Write down the lines exactly as they appear, from the one that contains "Be Somebody" through the final line of the records, so that both ends are kept and no pictures come along.

[[ Records open ]]

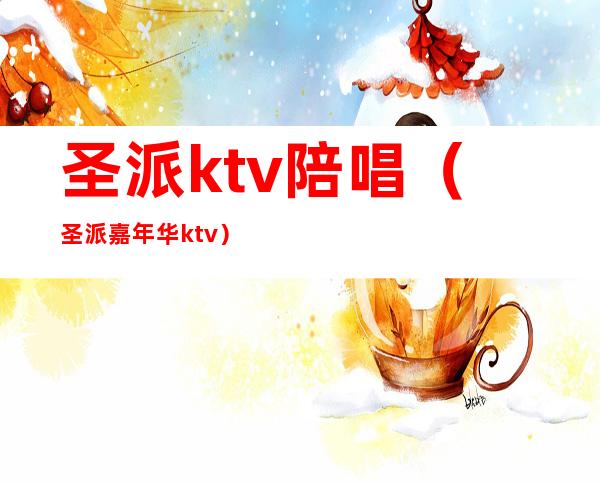 圣派ktv陪唱（圣派嘉年华ktv）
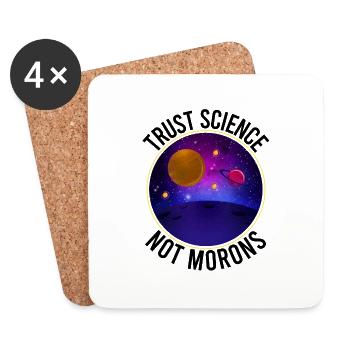 Trust Science Not Morons - Funny Science - Dessous de verre (lot de 4) - blanc - Devant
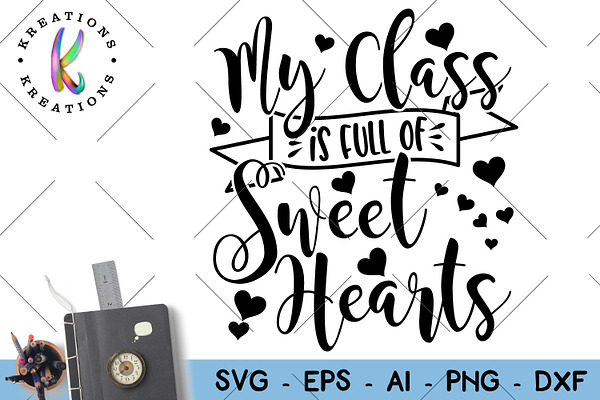 My class is full of Sweehearts svg 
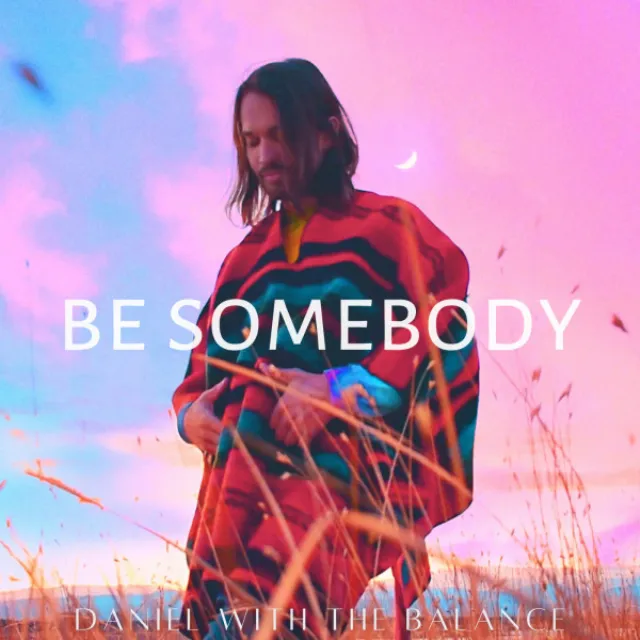 Be Somebody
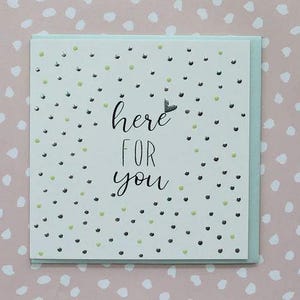 Here for You-KAART /Vriendschapskaart /Herinneringskaart /Sympathiekaart /Lege kaarten/Verlies baby/Kindverlies/Condoleancekaart/Luxekaarten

[[ Records closed ]]

Answer for the task:
 Be Somebody
 Here for You-KAART /Vriendschapskaart /Herinneringskaart /Sympathiekaart /Lege kaarten/Verlies baby/Kindverlies/Condoleancekaart/Luxekaarten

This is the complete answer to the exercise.